Last year, with very little comment, the world passed a remarkably significant milestone. For the first time in history, (most) humans live in cities and towns, rather than rural areas. In other words, we have tipped the scales and become an urban planet. Or, as UN Secretary-General Ban Ki-moon says, we have entered the urban century.
Cities today are essential to the prosperity of our national economy. They produce a large share of the goods, services, ideas and people that shape our world. In many ways the competition for investment, skilled workers, international events and business now occurs between cities rather than countries. Because cities are now so vital to economic success and citizens' wellbeing, national governments are playing a much greater role in planning and delivering growth.
As the (Organisation for Economic Co-operation and Development's) 2006 report on Competitive Cities in the Global Economy argues, national economic strategy can no longer ignore the characteristics of cities that shape economic performance, social cohesion and environmental conditions.
"National urban policies in the past have been reactive and remedial, not proactive and dynamic. Urban issues (must) be given greater visibility and higher priority in national policy."
Australia, famously, is one of the most urbanised nations on earth.
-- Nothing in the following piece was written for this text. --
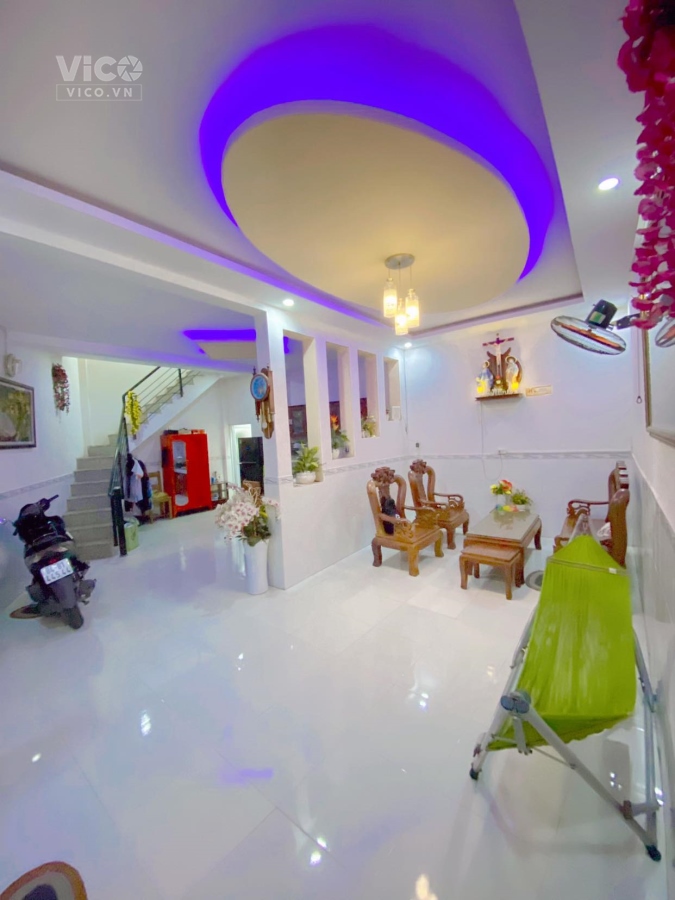 HẺM TO, NHÀ ĐẸP, SÁT HỒ VĂN LONG, GẦN TÊN LỮA, NGANG 4.7 NỞ HẬU 6,3M, 2 TẦNG, CHỈ 2,85 TỶ.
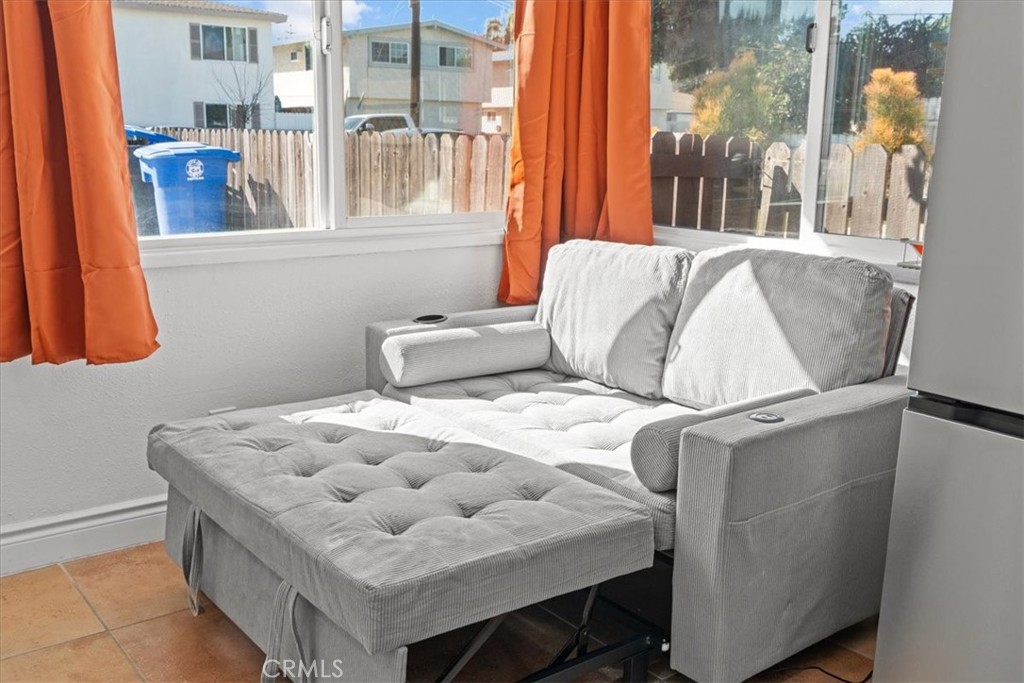 1095 Bonita Street A, Tustin CA 92780 - photo 7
The nation that once rode on the sheep's back now rides the M2, M4 and M5 into Sydney and the Epping, Lilydale and Werribee lines into Melbourne.
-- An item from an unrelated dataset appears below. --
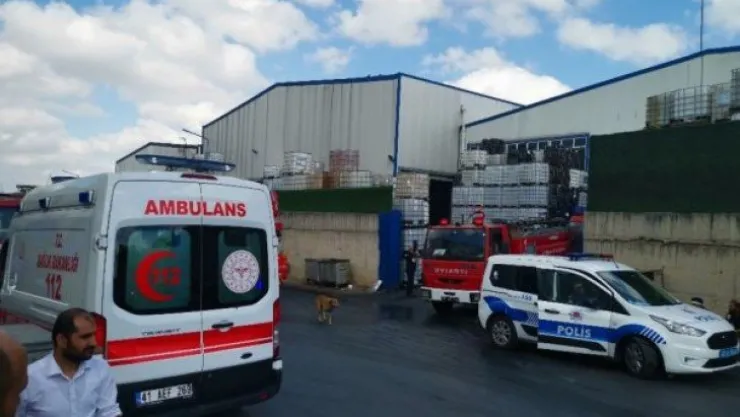 Kocaeli'de ambalaj fabrikasında yangın!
In 2006 our capital cities produced at least 65 per cent of national (gross domestic product). And more than two-thirds of new jobs are created in capital cities. Capital cities are the hubs of our innovation economy, gateways to the global economy and the centres of our road, rail and broadband networks. Nearly two-thirds of the value of international sea freight is handled through a major city port. And more than 80 per cent of international passenger movements take place through Sydney, Melbourne or Brisbane airports.
Cities connect our farms, mines and rural areas to world markets. They often hold the corporate headquarters of regionally based companies.
One of the mistakes in debates about infrastructure and planning is thinking that cities and regional areas are in competition and governments must favour cities or the regions. Having spent most of my early years growing up in country Australia, and most of the past three decades in different cities, I'm convinced this is a myth.
The prosperity of urban, suburban and regional Australia are strongly interlinked. Our cities and regions depend on each other, so that planning for the separate needs of regional Australia and metropolitan Australia is in the interests of the whole nation.
City transport bottlenecks can undermine the competitiveness of regional exports. Poor regional water infrastructure can raise prices for the fresh food consumed in our cities. That is why tackling the future challenges of our major cities is so important to our nation's long-term prosperity.
To quote Sir Rod Eddington, (chairman) of Britain's 2006 Eddington Transport Study and now (chairman) of Infrastructure Australia: "Good transport systems support the productivity of urban areas, supporting deep and productive labour markets ... Transport corridors are the arteries of domestic and international trade."